Arriva anche da noi questo pluriannunciato campione di incassi dell'horror, in sala in un periodo forse favorevole a richiamare il pubblico specializzato, saturo dei vari film-pacco natalizio. Chi cerca la sua dose periodica di brividi, meglio se non troppo rifritti, probabilmente non rimarrà deluso da questa pellicola. Pur inserendosi nell'ormai stabile (e non certo in via di spegnimento) filone della ghost story del sol levante, The Grudge ha abbastanza inventiva da spiccare rispetto ad altri prodotti che hanno affollato le sale nell'ultimo anno. All'origine c'è un film televisivo, poi rifatto per il cinema giapponese, entrambi per la regia dello stesso Takashi Shimizu, che Sam Raimi produttore ha voluto dietro la macchina da presa anche per questo remake a stelle e strisce. Il set rimane lo stesso, e con esso alcuni attori secondari, ma il cast principale è quasi integralmente composto da occidentali, in Giappone per svariati motivi. A capitanare la truppa degli interpreti, l'aspirante star Sarah Michelle Gellar (Buffy), nome di traino per il pubblico del pop corn horror, e viene da sospettare sia solo quello.

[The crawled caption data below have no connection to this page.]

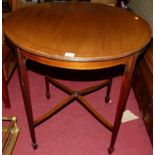 An Edwardian mahogany and chequer strung circular occasional table, dia.67.5cm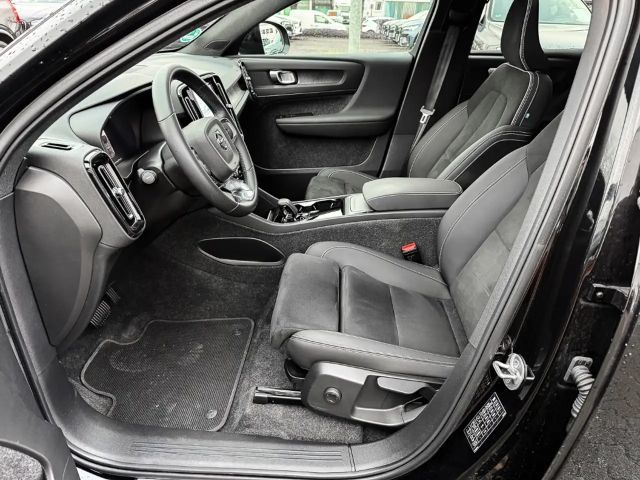 Volvo C40 AWD Plus Recharge Twin Engine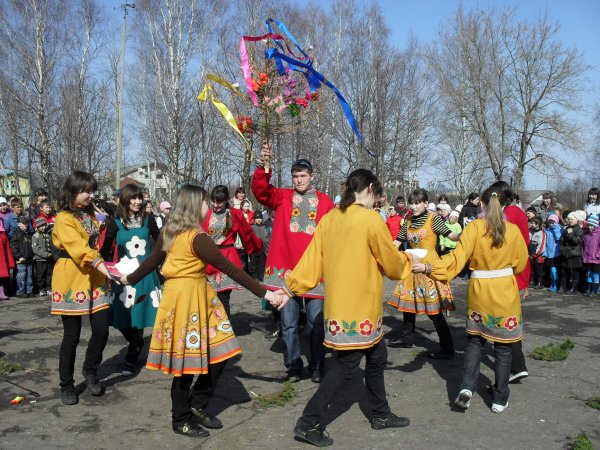 Закликание весны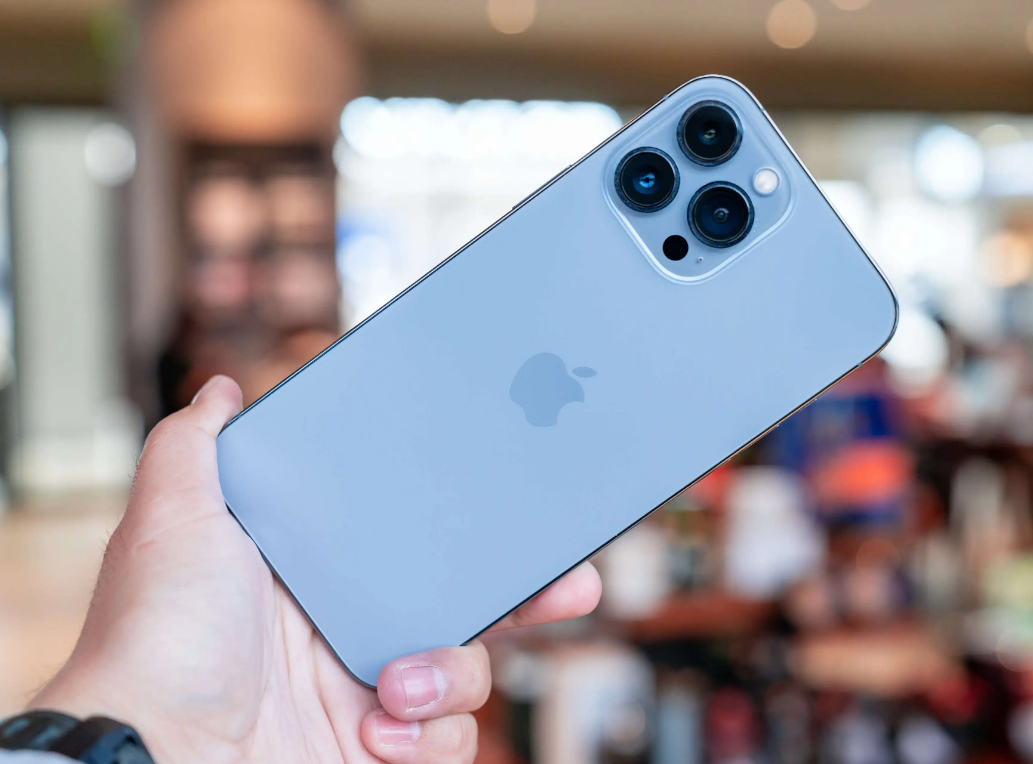 贵有贵的道理，目前这4款旗舰手机“最值得入手”，几乎没有短板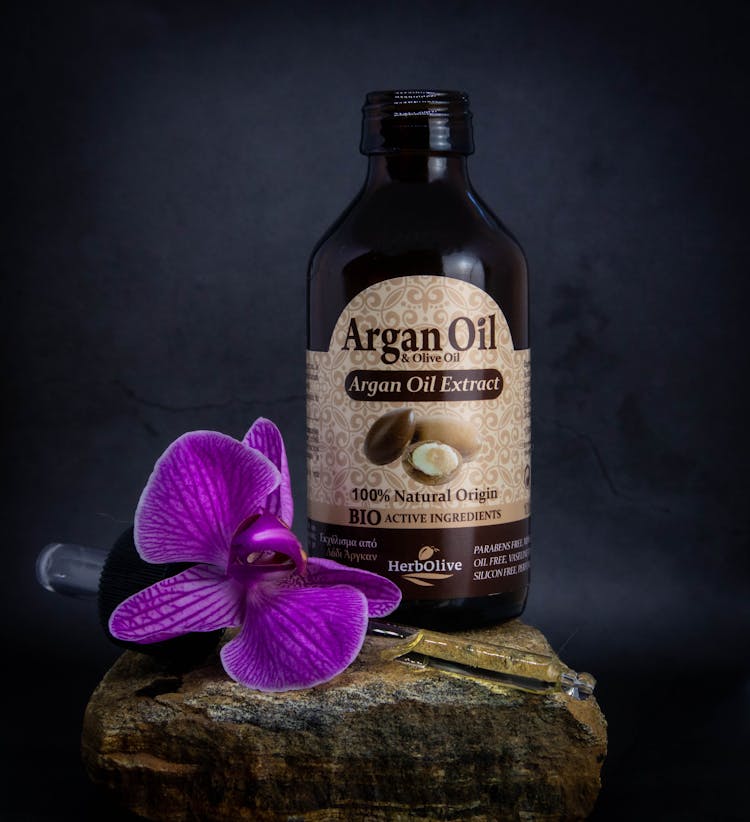 Organic Oils Extract In A Bottle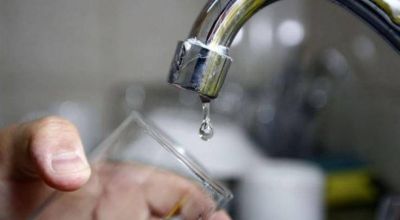 Intendentes salen a quejarse por el servicio de agua
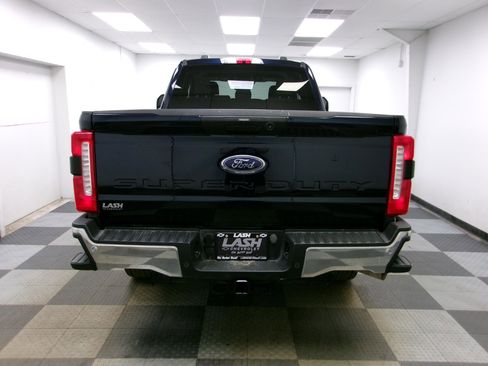 Used 2023 Ford F250 XLT w/ 360-Degree Camera Package image 12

La pellicola segna alcuni punti a proprio favore con la costruzione della suspense, dando vita a almeno un'icona azzeccata, il bimbo con il gatto nero, spesso però trascurato in favore della canonica ragazzina con il viso nascosto dai capelli. I tempi lenti funzionano bene nel caricare esponenzialmente le singole visioni spaventevoli, che prese a sé stante più di tanto non otterrebbero, e nella sequenza risulta un buon crescendo, che sfrutta gli elementi a disposizione senza sforare nel trash o nello splatter. L'idea di base ha dalla sua la fisicità delle visioni, che non presuppongono lo sconfinamento da un horror più etereo a uno materiale (e più ridicolo) come capita in altri casi. La struttura temporale frammentaria è poi forse la scelta migliore, che permette di portare avanti un soggetto che altrimenti mostrerebbe presto la corda, con almeno un espediente ottimale nell'accavallamento del tempo verso la conclusione, su cui è opportuno non aggiungere altro per non guastare la visione.

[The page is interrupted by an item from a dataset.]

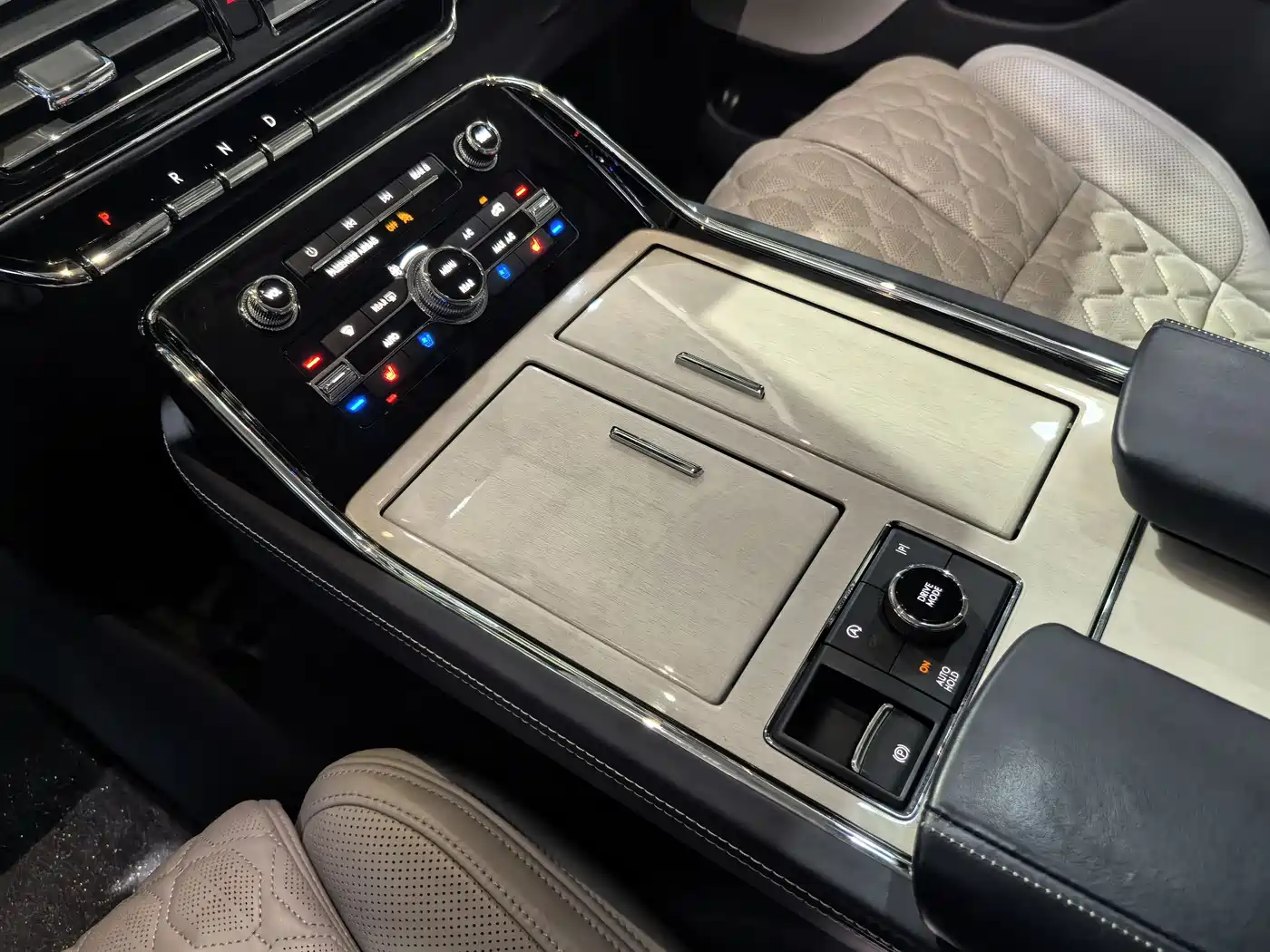 Lincoln Navigator One 2022 3.5T Navigator One фото 8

Probabilmente questo film è maggiormente apprezzabile da chi non sia già saturo di pellicole analoghe, che costringono a paragoni in cui le differenze risultanti non sono molte, anche se a quanto pare la versione televisiva di The Grudge ha anticipato di gran lunga tutti i cloni. Resta un fastidioso appiattimento dei personaggi e le loro reazioni al soprannaturale, che se con attori nipponici sarebbe accettabile, fa apparire gli interpreti occidentali poco più che pedine narrative, in una trama che per di più non va da nessuna parte. Guardacaso, in vista di un sequel.